Topic / Gender, Race and Identity

Sustainable Communities for Whom: Cultural Tactics in the Pursuit of Ecological Sustainability

This piece was published in the 28th print volume of the Asian American Policy Review.

“Sustainable development is development that meets the needs of the present without compromising the ability of future generations to meet their own needs.”– Brundtland Report (1987), United Nations World Commission on Environment and Development
“Social sustainability concerns how individuals, communities and societies live with each other and set out to achieve the objectives of the development models that they have chosen for themselves, while also taking into account the physical boundaries of their places and planet Earth as a whole.” — Andrea Colantonio, 2010, 81.

Introduction

Since the 1987 Brundtland Commission first coined the term “sustainable development”, many efforts have emerged to refine this definition, raising critical questions of what is to be sustained, by whom, and using what means and measures. From the Triple Bottom Line— defined as people, profit, and planet (Elkington 1997) to the Four Pillars of Sustainability— the environment, culture, economy, and society (Hawkes 2001)— theories of sustainability encompass more than ecological concerns of the Earth’s biophysical and carrying capacity.

Despite these theoretical contributions, cities have essentially converged in their strategies of sustainability. From PlaNYC to the Los Angeles Sustainable City pLAn, the policies and terms of “sustainability”, “resilience”, and “livability” have given rise to similar menus of prescribed solutions to target the reduction of carbon emissions and greenhouse gas emissions. When released in 2007, PlaNYC included 127 initiatives that addressed brownfield mediation, housing, open space, transportation, energy, water and air quality, and climate change— all to achieve the city’s stated goal of reducing greenhouse gas emissions 30 percent by 2030 (City of New York 2007). Governments around the world have followed suit by creating sustainability blueprints at the citywide scale, and the United States alone boasts more than 56 sustainability plans (ICLEI 2009).

While these policies are a step in the positive direction of symbolizing commitment to sustainability, they are detrimental if pursued without a nuanced analysis. In effect, they endorse a top-down, one-size-fits-all approach to sustainability that exacerbates inequality and more often than admitted, serves the real estate and finance industries (Angotti 2008, 2). In such a paradigm, the state uses environmental strategies as engines of economic growth to re-create the power structure that benefits the elite and privileged classes, creating what Melissa Checker calls “environmental gentrification” (2011, 212). As critics argue, PlaNYC uses technical and highly scientific measures that “fail to resonate with the everyday lives of people in their communities and do not necessarily make any sense in the specific geographies of communities” (Angotti 2008, 8). This approach is likely to cause tensions and result in highly ineffective or failed solutions.

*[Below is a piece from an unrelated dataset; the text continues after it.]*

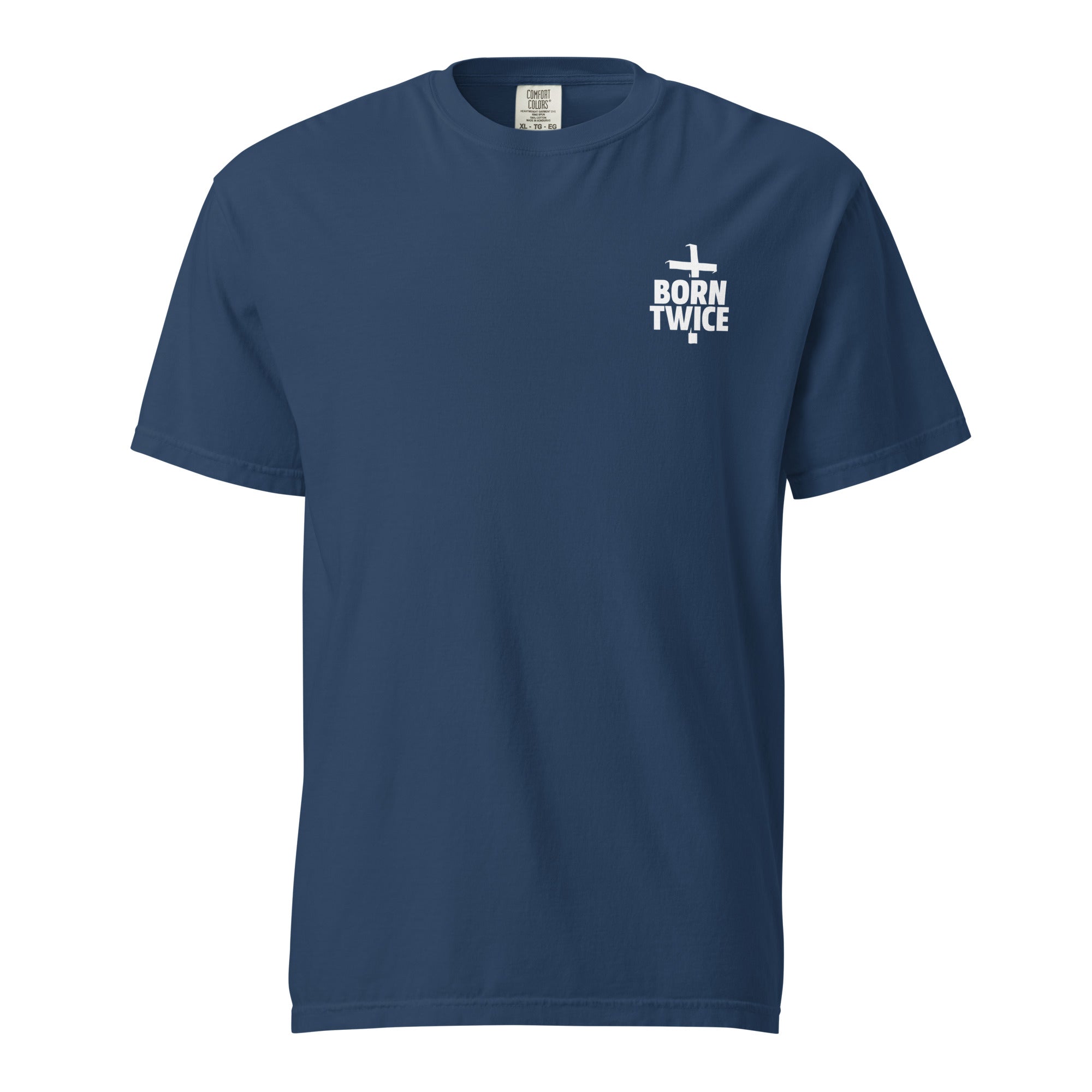 Image of Born Twice Christian t-shirt true navy front view — Entrusted to Him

Emergent initiatives have demonstrated that an alternative approach is possible. This article examines the case studies of Los Angeles Little Tokyo Cultural Ecodistrict Plan and San Francisco Sustainable Chinatown Plan located in two historically Asian Americans and Pacific Islanders (AAPI) immigrant communities in core urban areas that, in confronting the threat of gentrification and displacement, created neighborhood sustainability plans to guide the trajectory of future development. These plans were made possible through multisector partnerships that brought together government agencies, community development corporations, design firms, and non-government organization intermediary entities that offered technical and funding support.

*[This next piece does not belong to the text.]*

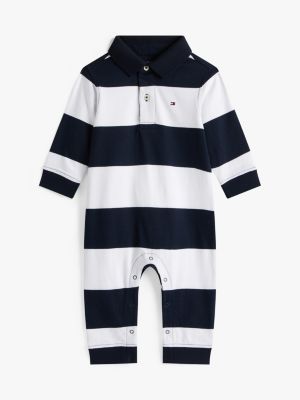 Babies' Stripe Polo Coverall, Navy Blue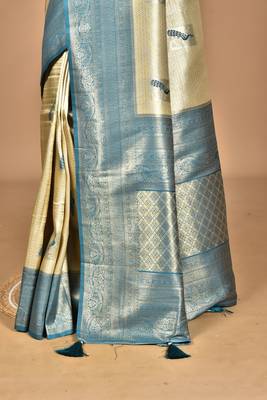 beige banarasi silk blend saree with blouse piece 2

Both case studies emerged with similar goals in mind: the development of a community-led sustainability plan that identifies and elevates culturally-relevant definitions of sustainability. In effect, they call for the consideration of cultural heritage in the pursuit of ecological sustainability. The experience of these two communities suggests that sustainability plans would greatly benefit from taking a blended approach to converging policymaking and divergent theories of sustainability, particularly as they inform the quality of life in AAPI communities

Making the Case for Cultural Tactics

Potential tensions and conflict arise when a community’s tactics are not aligned or are in direct opposition to the strategies created by broader institutional structures, such as a citywide sustainability plan. Strategies developed without genuine community input and consultation at the onset and throughout the process not only fail to recognize tactics that support implementation, but they can also undermine the original intent and efforts of these plans.

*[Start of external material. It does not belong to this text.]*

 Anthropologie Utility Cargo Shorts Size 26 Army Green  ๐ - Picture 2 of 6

Existing studies have noted that policies intended to achieve environmentally sustainable outcomes in the sense of reducing carbon emissions and improving the Earth’s biophysical and ecological conditions can backfire when they fail to gain cultural and social acceptance. This was particularly notable in the case of Mexico City in which a government-led strategy to reduce congestion and the number of cars driven resulted in more cars on the road as impacted communities used tactics to bypass this policy and buy more vehicles (Eskeland and Feyzioglu 1997). Similarly, the Dukakis Center for Urban and Regional Policy examined 42 neighborhoods in 12 metropolitan areas in the United States where transit-oriented development was put in place. The study found that the new infrastructure resulted in increased property values and the displacement of existing populations who relied more heavily on public transportation, and instead replaced them with higher-income residents who were more likely to own cars rather than utilize the transportation improvements (Pollack et al. 2010).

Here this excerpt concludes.